AVAILABLE DATA:
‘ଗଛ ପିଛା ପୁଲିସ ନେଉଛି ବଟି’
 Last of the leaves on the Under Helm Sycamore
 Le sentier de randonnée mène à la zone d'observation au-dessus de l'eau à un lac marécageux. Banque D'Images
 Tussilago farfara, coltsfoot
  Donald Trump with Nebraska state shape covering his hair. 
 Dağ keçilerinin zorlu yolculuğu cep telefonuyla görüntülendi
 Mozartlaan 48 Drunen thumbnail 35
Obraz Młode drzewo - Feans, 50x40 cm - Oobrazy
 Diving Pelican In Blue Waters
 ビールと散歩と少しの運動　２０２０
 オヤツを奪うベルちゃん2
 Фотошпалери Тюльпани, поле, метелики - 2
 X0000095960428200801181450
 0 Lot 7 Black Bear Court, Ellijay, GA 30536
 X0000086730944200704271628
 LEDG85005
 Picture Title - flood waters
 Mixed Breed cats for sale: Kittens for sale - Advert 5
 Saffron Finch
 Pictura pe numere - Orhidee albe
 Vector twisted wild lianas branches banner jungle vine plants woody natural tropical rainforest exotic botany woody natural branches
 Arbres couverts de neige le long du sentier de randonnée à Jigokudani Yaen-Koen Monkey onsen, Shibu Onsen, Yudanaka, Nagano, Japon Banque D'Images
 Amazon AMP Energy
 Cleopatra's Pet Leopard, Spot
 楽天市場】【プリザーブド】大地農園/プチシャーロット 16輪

EXERCISE: Whenever the string "sentier" turns up in a line above, copy that line out.

EXERCISE RESPONSE:
 Le sentier de randonnée mène à la zone d'observation au-dessus de l'eau à un lac marécageux. Banque D'Images
 Arbres couverts de neige le long du sentier de randonnée à Jigokudani Yaen-Koen Monkey onsen, Shibu Onsen, Yudanaka, Nagano, Japon Banque D'Images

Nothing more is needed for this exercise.